Problem to work on>
Start to finish, retype the entries exactly while omitting the pictures.

Data entries:
****

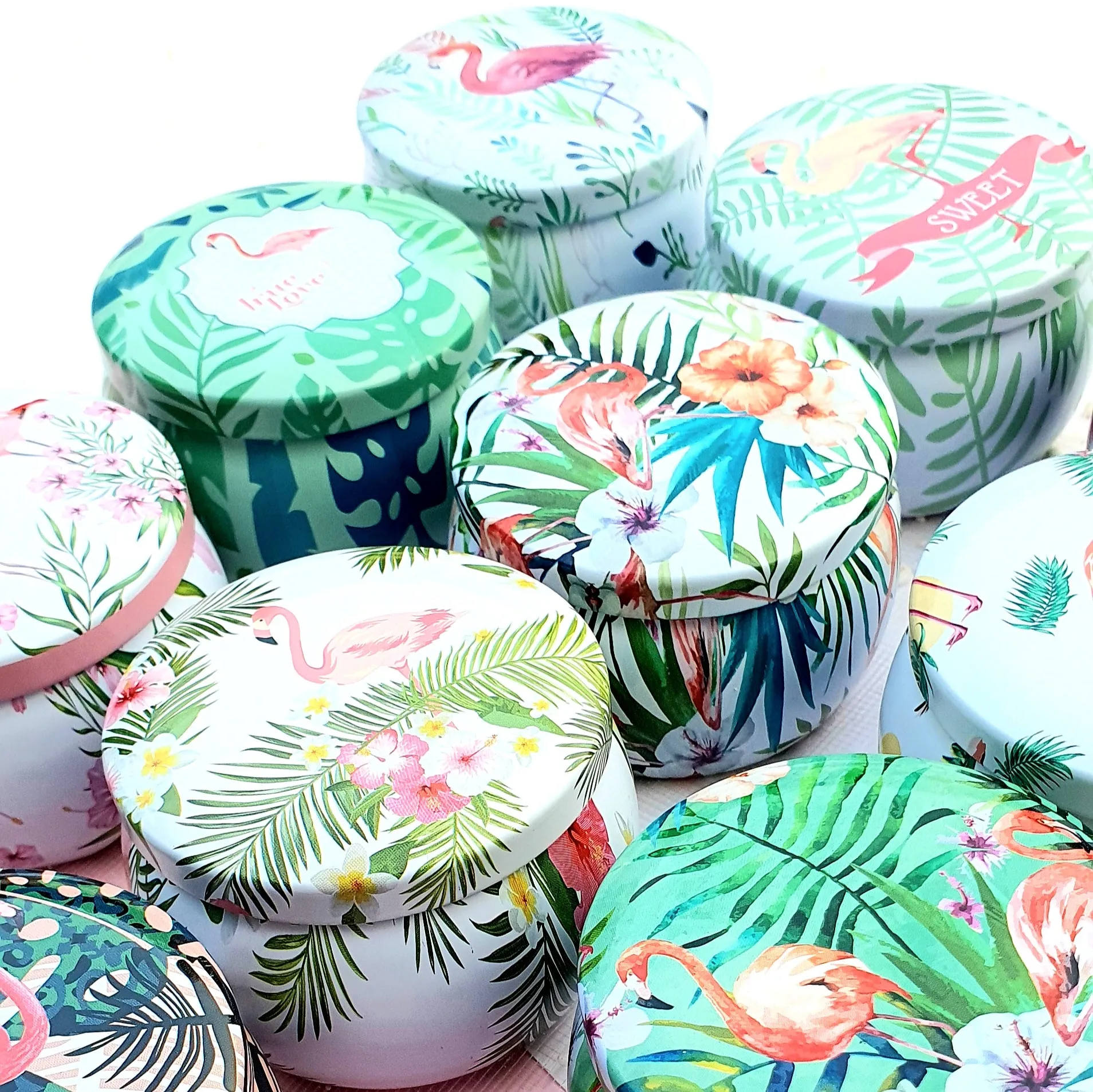 Mini Tin Storage Round Container - Flamingo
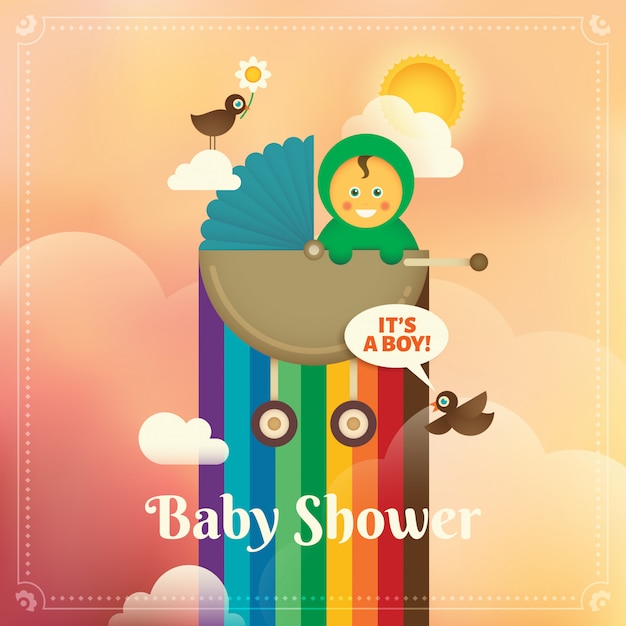 Baby douche illustratie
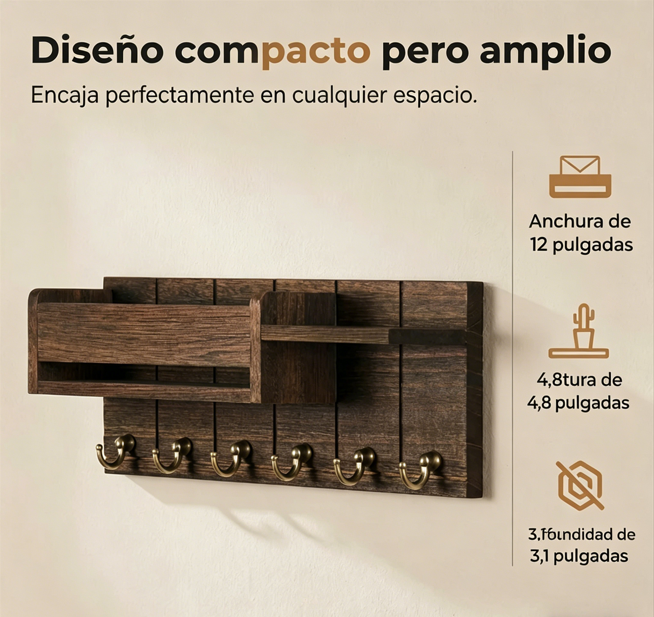 ⏰ ¡Oferta Limitada 50% OFF! 🗝️📬 Soporte de Pared para Correo y Llaves con Estante – Organiza y Ahorra Espacio en tu Hogar ✨🏠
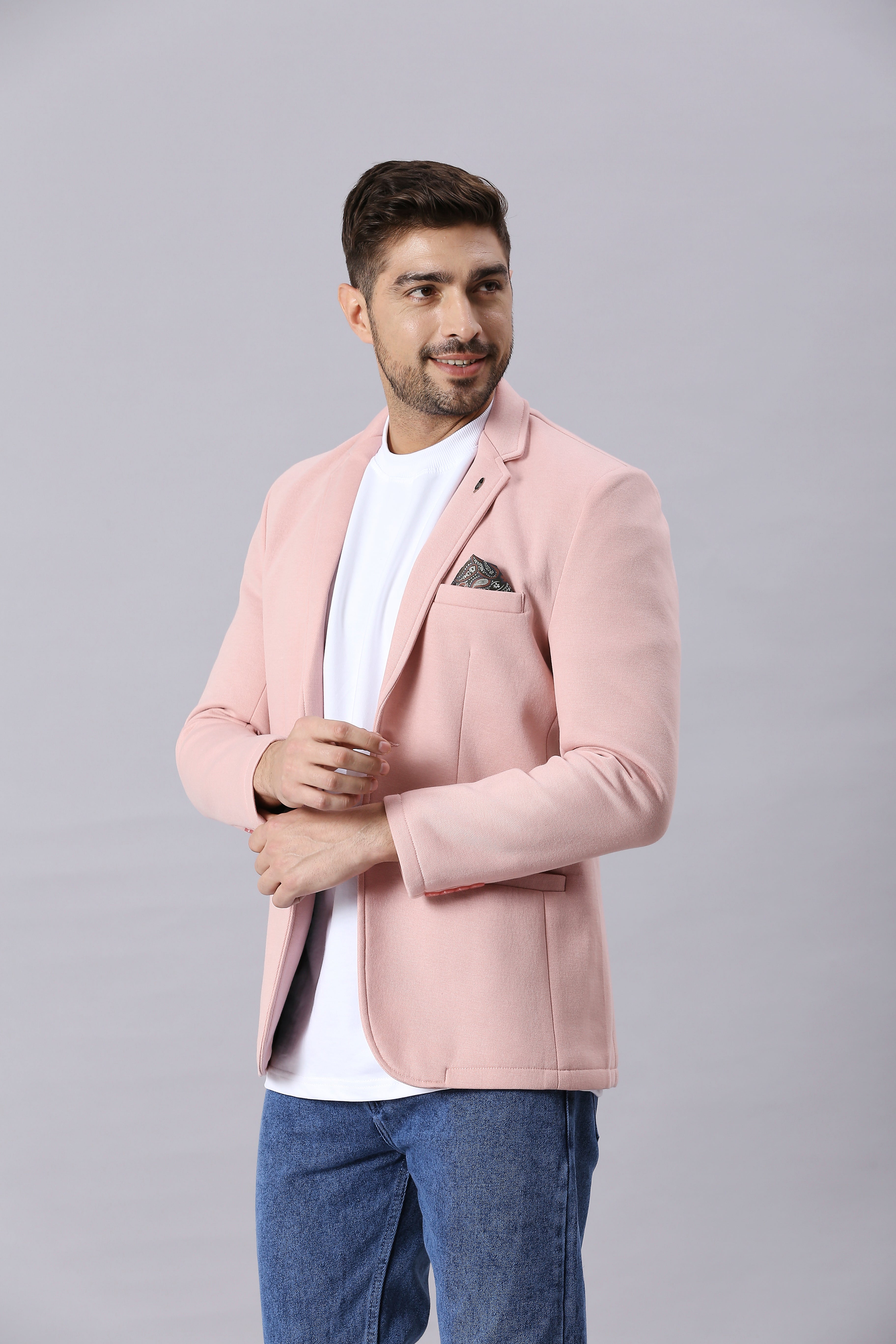 Pale Pink Casual Blazer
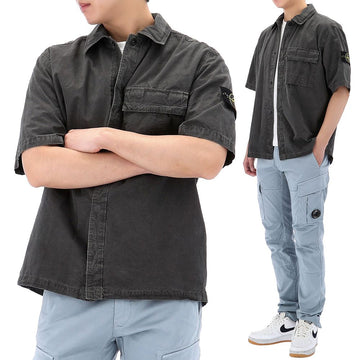 Stone Island Short Sleeve Shirt with Patch Button 154863858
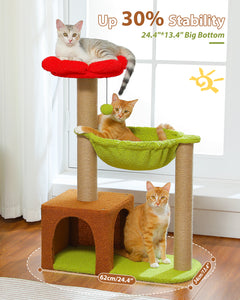 Flower Cat Tree with Sisal Scratching Posts, 36.6" Cute Cat Tower with Large Green Hammock for Small Indoor Cats, Cat Condo with Removable Flower Bed for Kittens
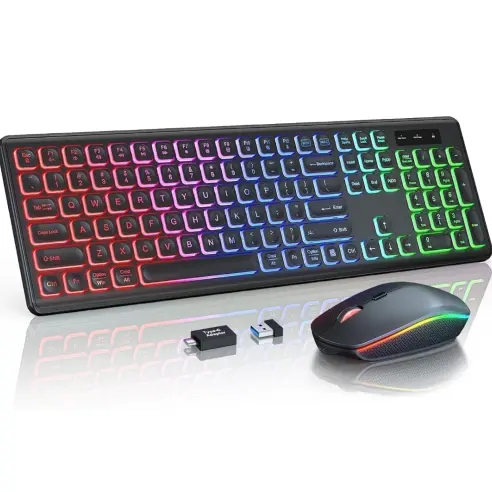 Combo Teclado y Mouse Inalámbrico RGB Recargable — imagen 1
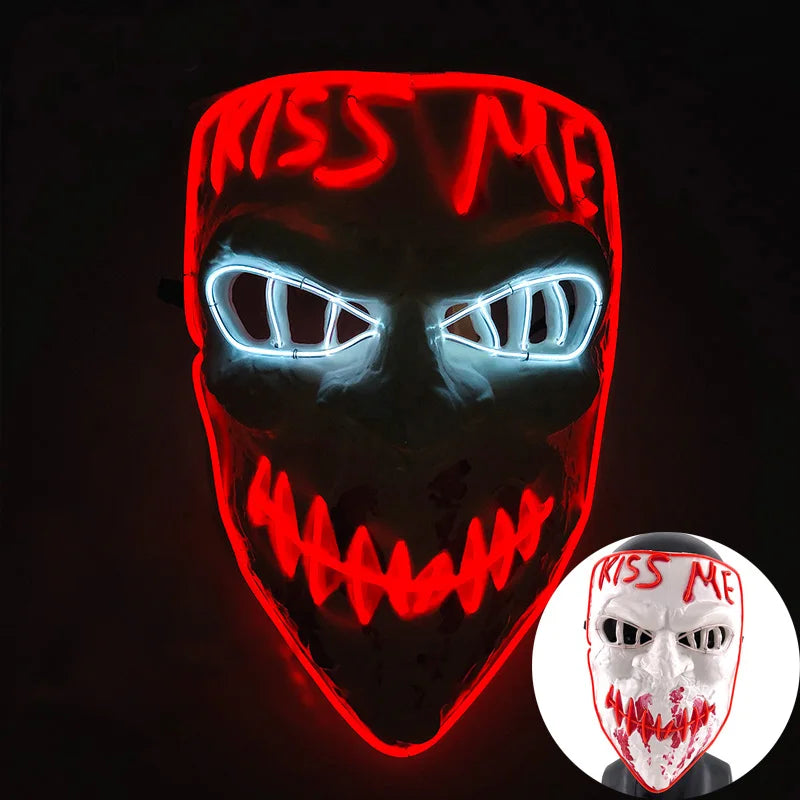 Wireless Scary Glowing Mask LED Luminous Purge Mask Halloween Horror Neon Light up Cosplay Party Mask Fstival Costume Supplies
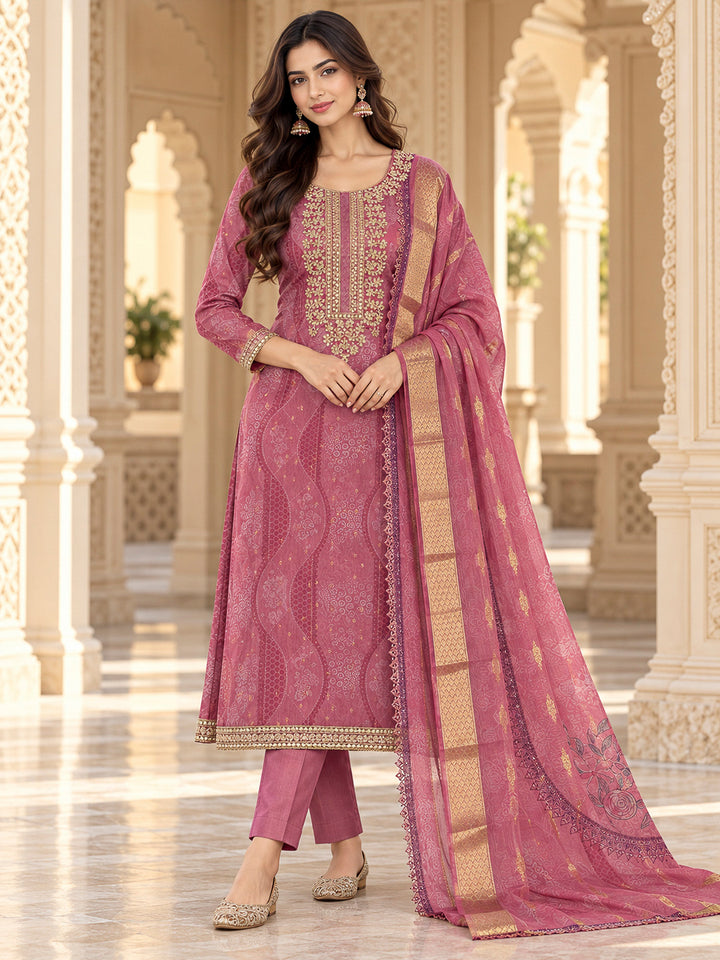 Onion Pink Chanderi Embroidered Unstitched Dress Material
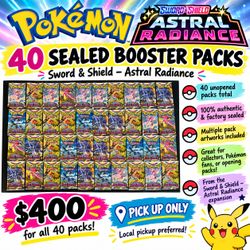 🎴 POKÉMON ASTRAL RADIANCE — 40 SEALED BOOSTER PACKS
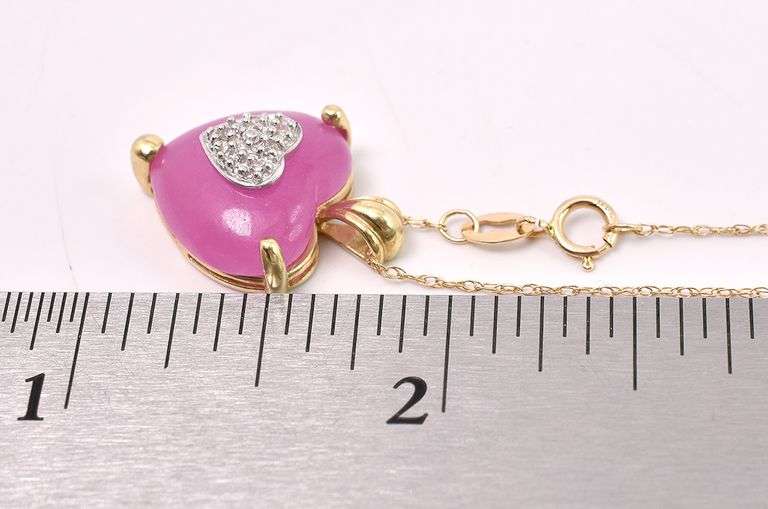 Pink Gem Heart Pendant Necklace In 14K Yellow Gold
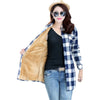 Women Velvet Thick Warm Plaid Shirt Female Full Tops Winter Long Checkered Blouse Blusas Femininas Chemise Femme M-XXL HS1589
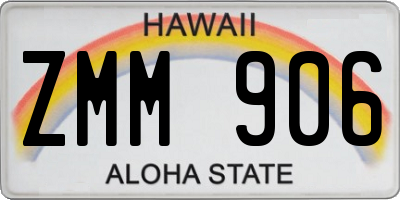 HI license plate ZMM906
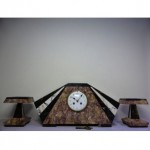 vintage french art deco marble mantel clock with garniture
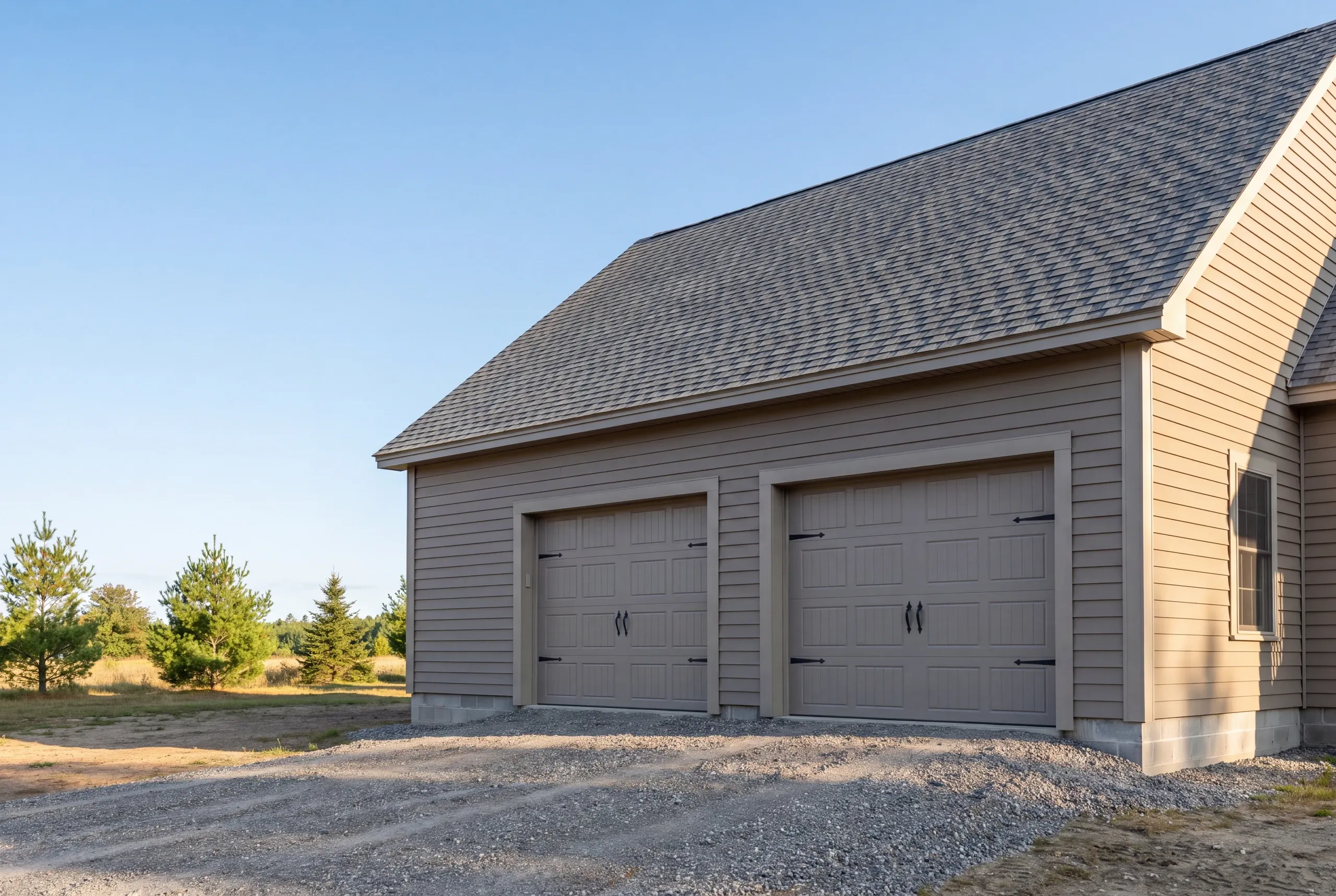 Garage builder Winslow Maine: taupe lap two-bay garage with taupe carriage doors on a gravel apron, a wing beyond its gable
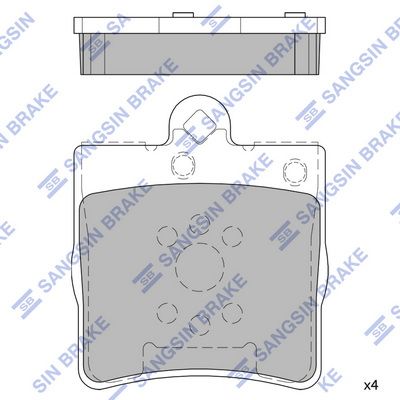 SP2208 Hi-Q Комплект тормозных колодок, дисковый тормоз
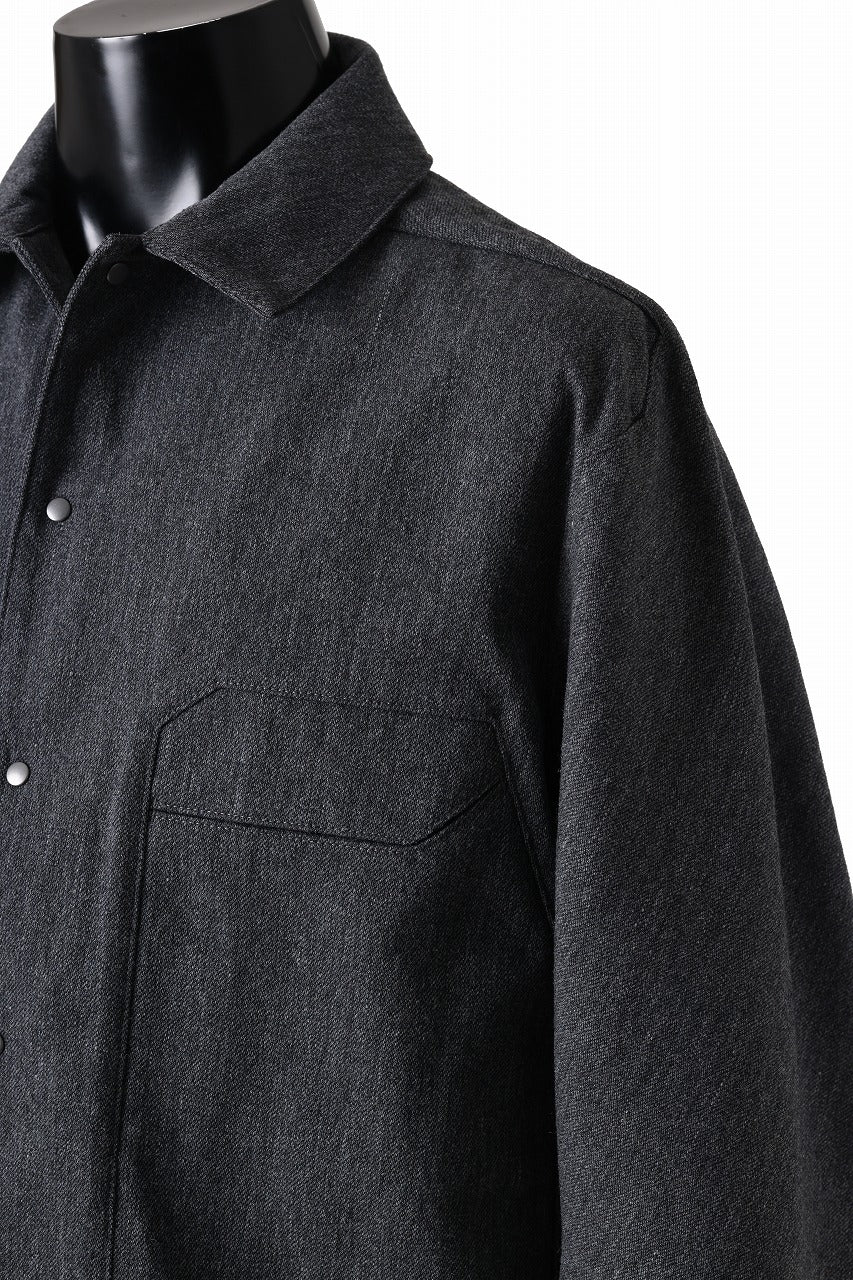 OPPOSE DUALITY PANEL SHIRT JACKET / WOOL x COTTON TWILL (GRAY) - Image 14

****

Written answer>
 Mini Tin Storage Round Container - Flamingo
 Baby douche illustratie
 ⏰ ¡Oferta Limitada 50% OFF! 🗝️📬 Soporte de Pared para Correo y Llaves con Estante – Organiza y Ahorra Espacio en tu Hogar ✨🏠
 Pale Pink Casual Blazer
 Stone Island Short Sleeve Shirt with Patch Button 154863858
 Flower Cat Tree with Sisal Scratching Posts, 36.6" Cute Cat Tower with Large Green Hammock for Small Indoor Cats, Cat Condo with Removable Flower Bed for Kittens
 Combo Teclado y Mouse Inalámbrico RGB Recargable — imagen 1
 Wireless Scary Glowing Mask LED Luminous Purge Mask Halloween Horror Neon Light up Cosplay Party Mask Fstival Costume Supplies
 Onion Pink Chanderi Embroidered Unstitched Dress Material
 🎴 POKÉMON ASTRAL RADIANCE — 40 SEALED BOOSTER PACKS
 Pink Gem Heart Pendant Necklace In 14K Yellow Gold
 Women Velvet Thick Warm Plaid Shirt Female Full Tops Winter Long Checkered Blouse Blusas Femininas Chemise Femme M-XXL HS1589
 HI license plate ZMM906
 vintage french art deco marble mantel clock with garniture
 Garage builder Winslow Maine: taupe lap two-bay garage with taupe carriage doors on a gravel apron, a wing beyond its gable
 SP2208 Hi-Q Комплект тормозных колодок, дисковый тормоз
 OPPOSE DUALITY PANEL SHIRT JACKET / WOOL x COTTON TWILL (GRAY) - Image 14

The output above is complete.